### Action item
Pictures are to be excluded. Please print only the lines from the one containing "1992 Comic Images" through the end of the data, exactly as they appear.
─── Exercise data
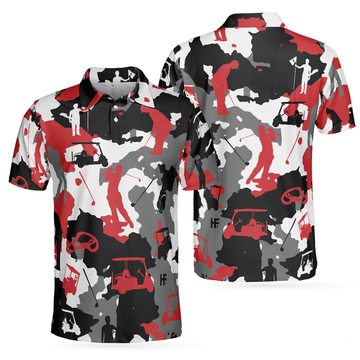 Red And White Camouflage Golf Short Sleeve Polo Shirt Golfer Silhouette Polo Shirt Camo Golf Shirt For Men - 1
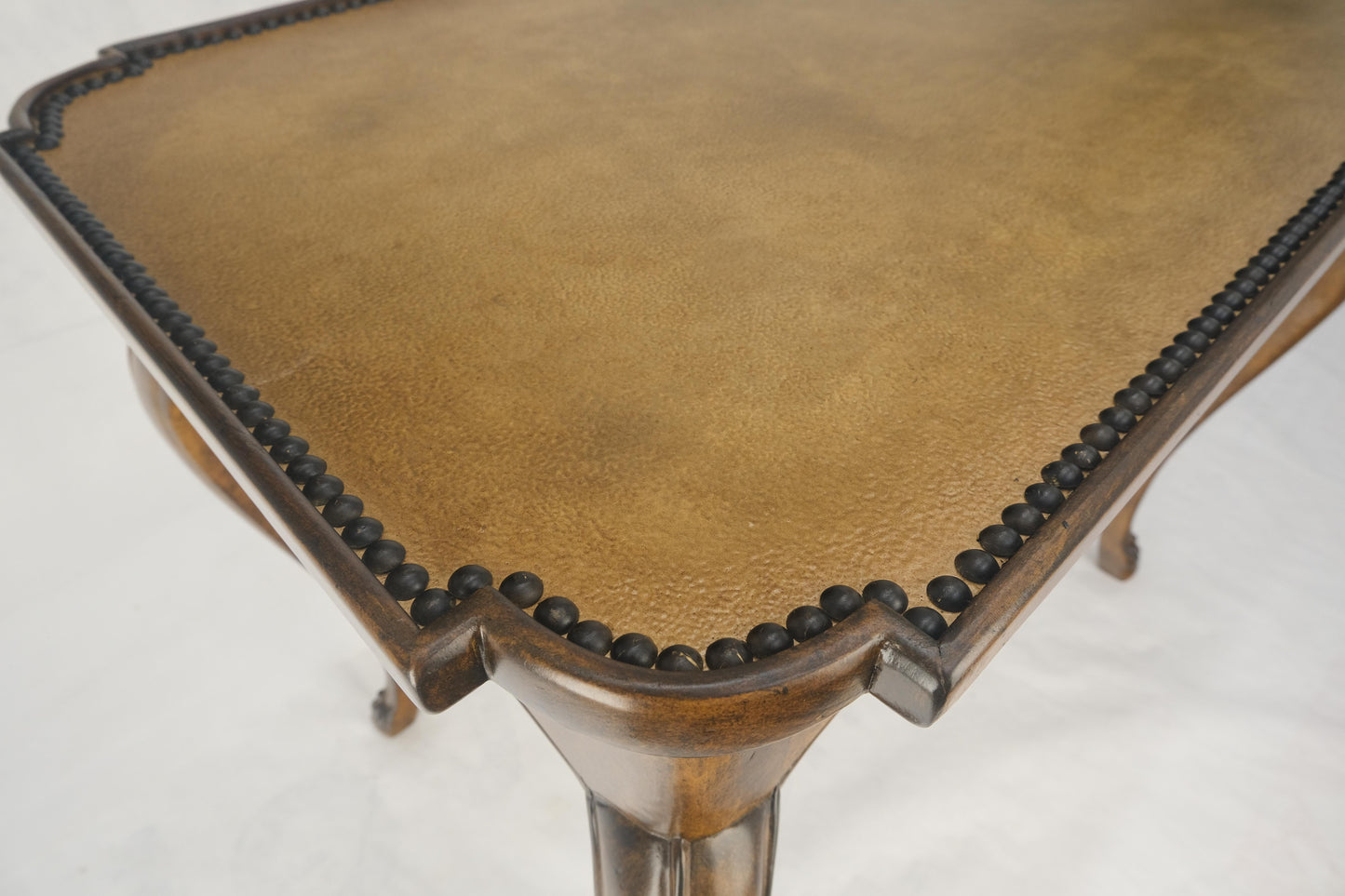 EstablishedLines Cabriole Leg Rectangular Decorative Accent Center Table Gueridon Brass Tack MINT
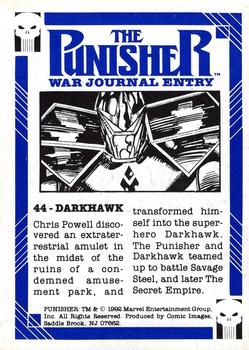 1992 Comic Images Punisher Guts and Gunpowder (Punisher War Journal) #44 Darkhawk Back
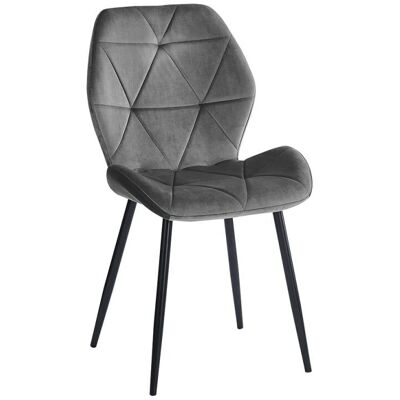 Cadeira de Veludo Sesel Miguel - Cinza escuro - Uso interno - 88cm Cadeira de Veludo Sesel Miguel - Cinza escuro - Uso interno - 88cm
──────
### Task output
 1992 Comic Images Punisher Guts and Gunpowder (Punisher War Journal) #44 Darkhawk Back
 Cadeira de Veludo Sesel Miguel - Cinza escuro - Uso interno - 88cm Cadeira de Veludo Sesel Miguel - Cinza escuro - Uso interno - 88cm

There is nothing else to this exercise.